TASK TO COMPLETE:
Your task is to restate word for word the lines in the material below, from the one with "2018 Nissan VIN" up to and including the one with "2002 BMW 7-Series 745i". Do not carry over the pictures.

[Start of section]

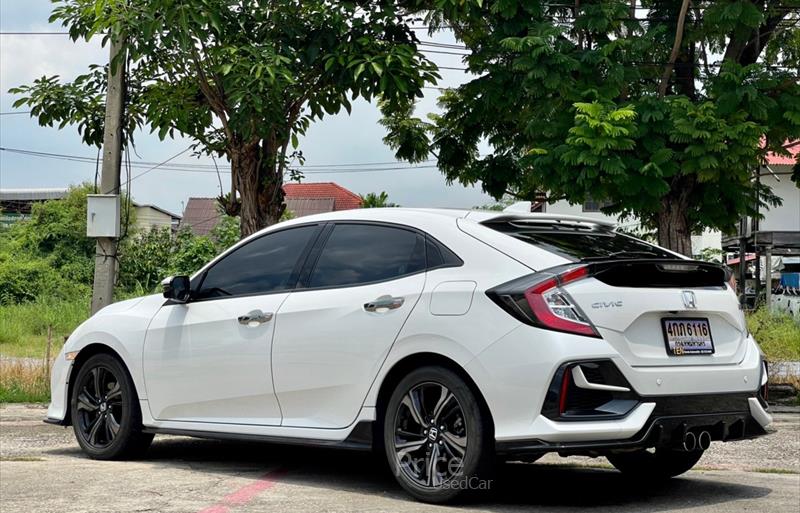 ขายรถเก๋งมือสอง honda civic รถปี2021 รหัส 85553-รูปที่4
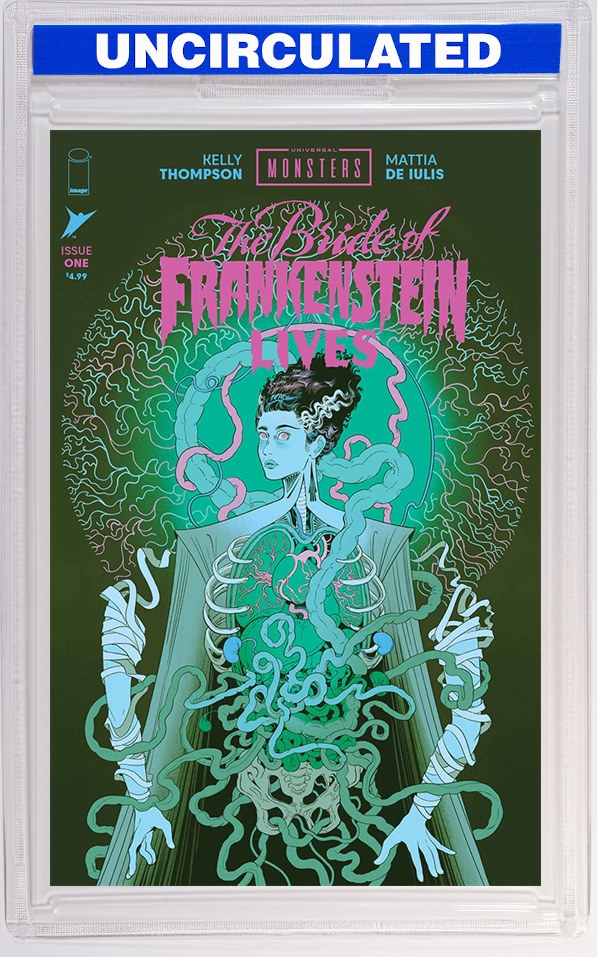 Universal Monsters Bride Of Frankenstein Lives #1 (Of 4) CVR F INC Rosemary Valero Oconnell VAR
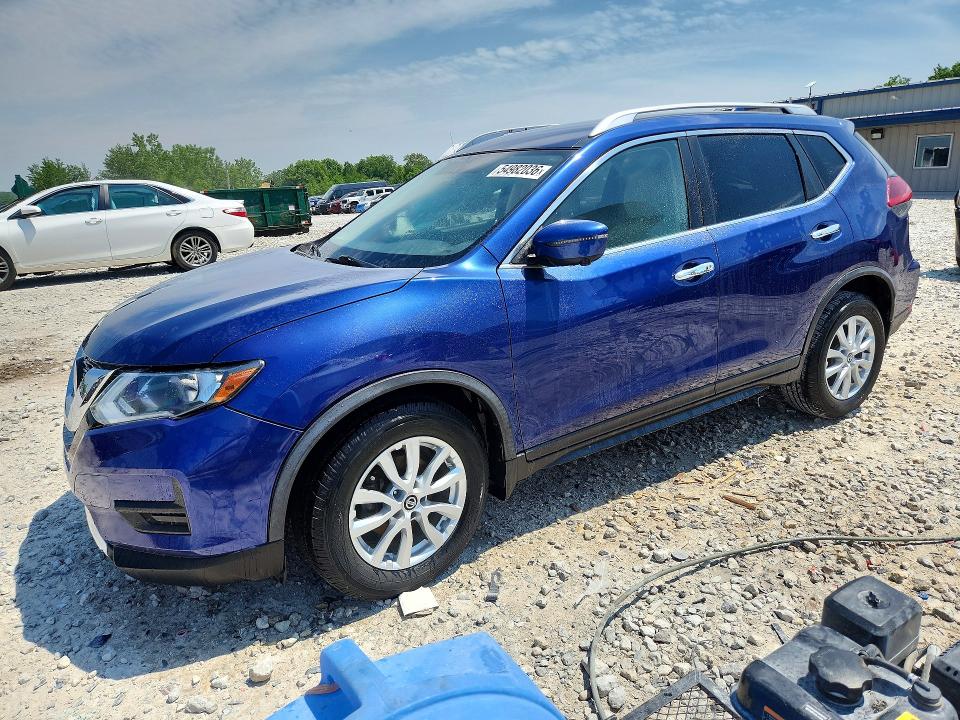 2018 Nissan VIN KNMAT2MT1JP542678 COPART salvage auction — SIDE, MI - CERT OF TITLE-REBUILT SALVAGE, sold $3,000 on 2026-07-02 (photo 1)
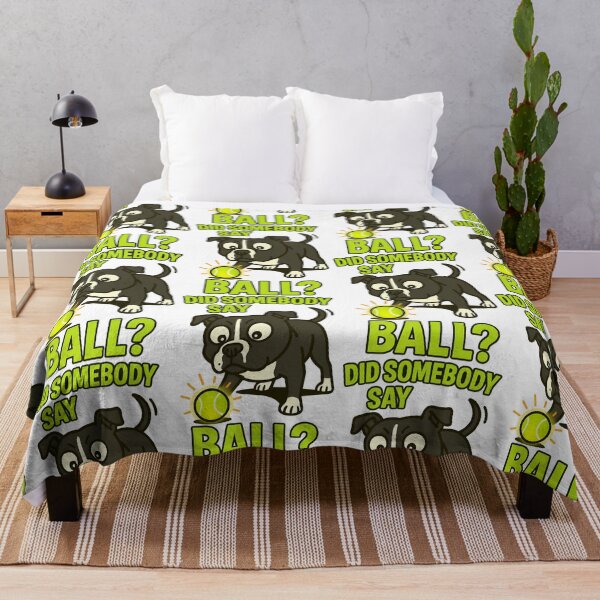 Item preview, Did Somebody Say Ball - Funny Dog Illustration designed and sold by BestFriendTees.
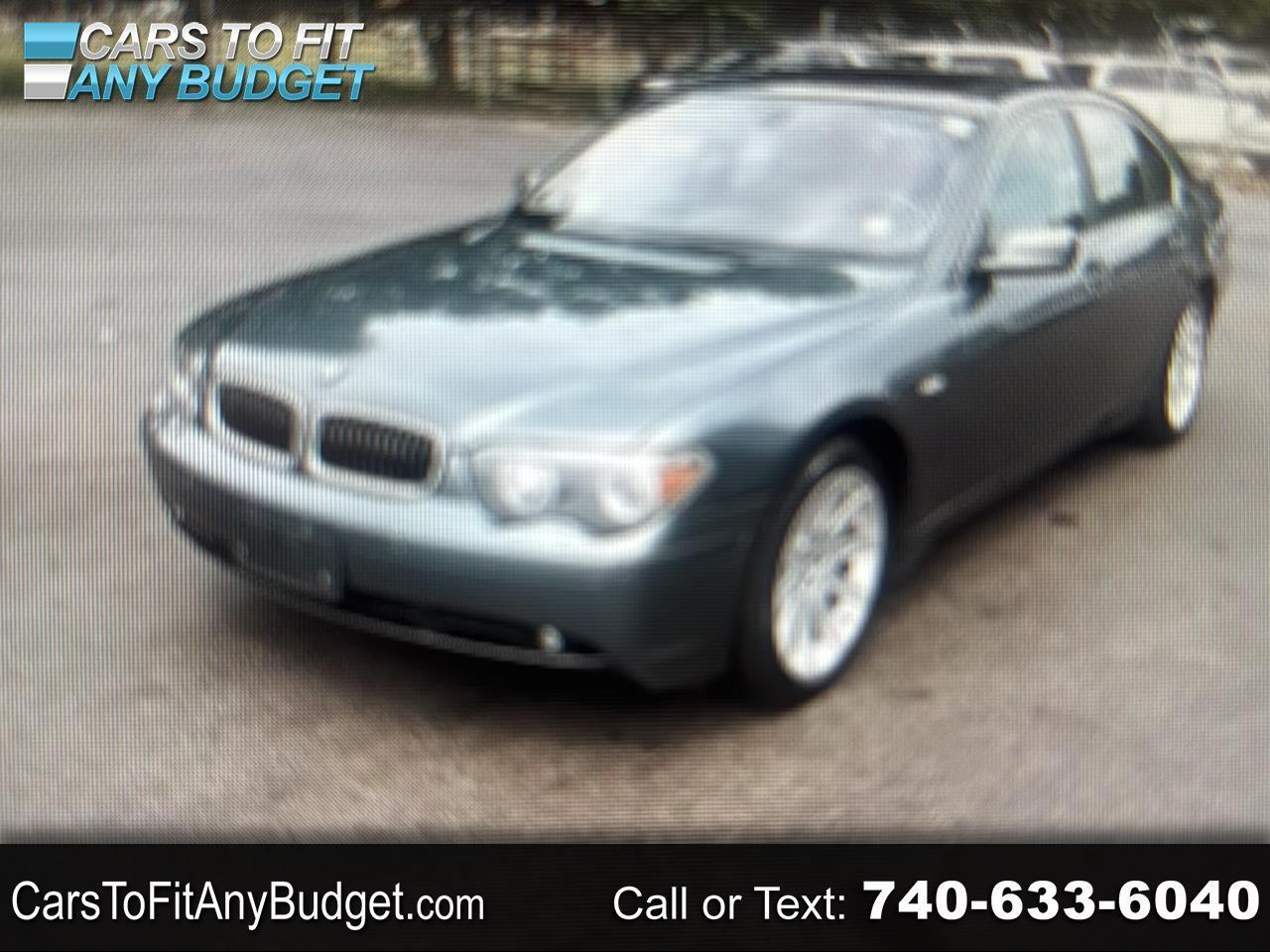 2002 BMW 7-Series 745i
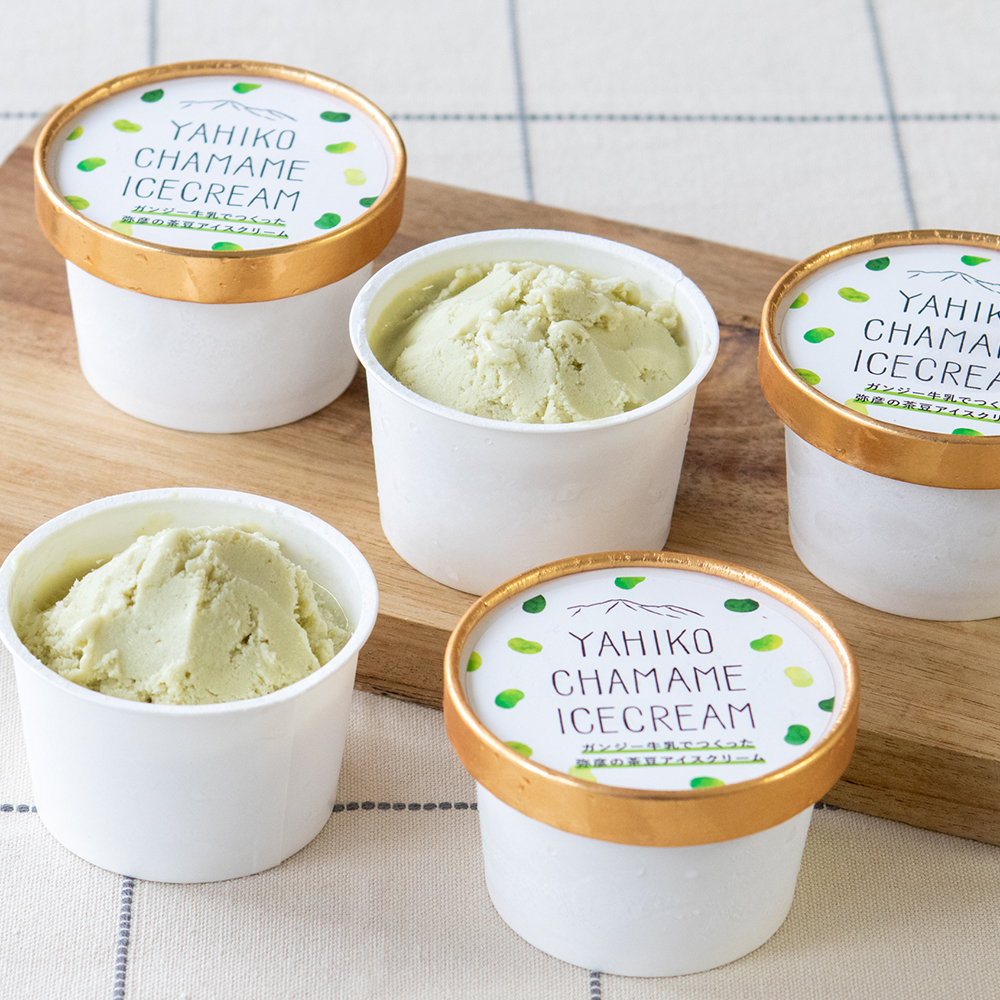 新潟直送計画】茶豆アイス「YAHIKO CHAMAME ICECREAM」 – YAHIKO Avenir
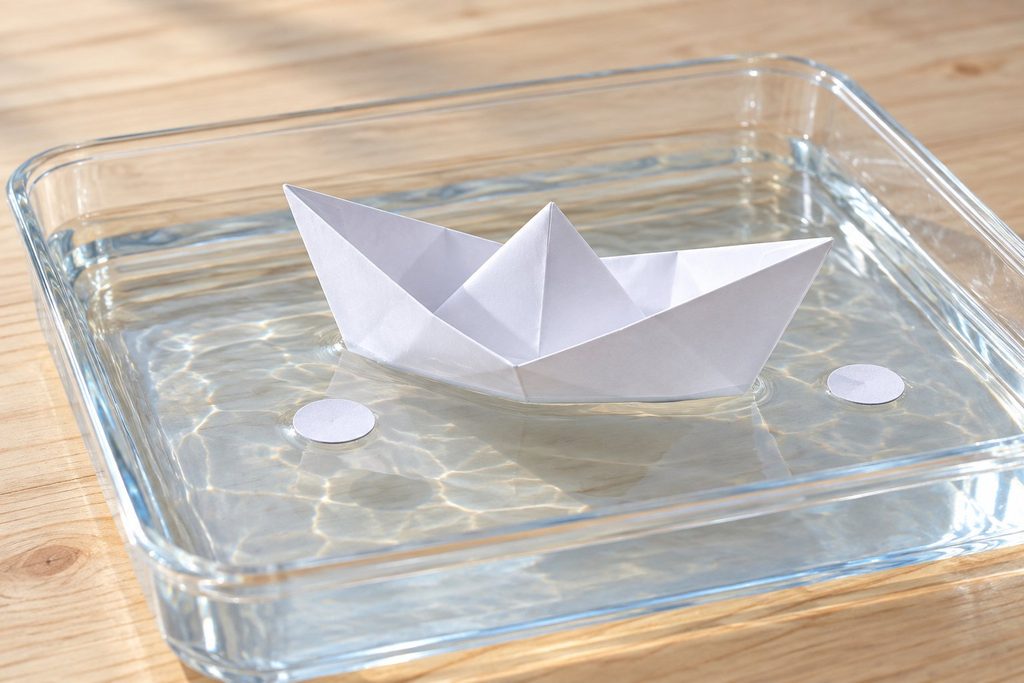 Traditional Paper Boat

[End of section]

SOLUTION TO THE EXERCISE:
 2018 Nissan VIN KNMAT2MT1JP542678 COPART salvage auction — SIDE, MI - CERT OF TITLE-REBUILT SALVAGE, sold $3,000 on 2026-07-02 (photo 1)
 Item preview, Did Somebody Say Ball - Funny Dog Illustration designed and sold by BestFriendTees.
 2002 BMW 7-Series 745i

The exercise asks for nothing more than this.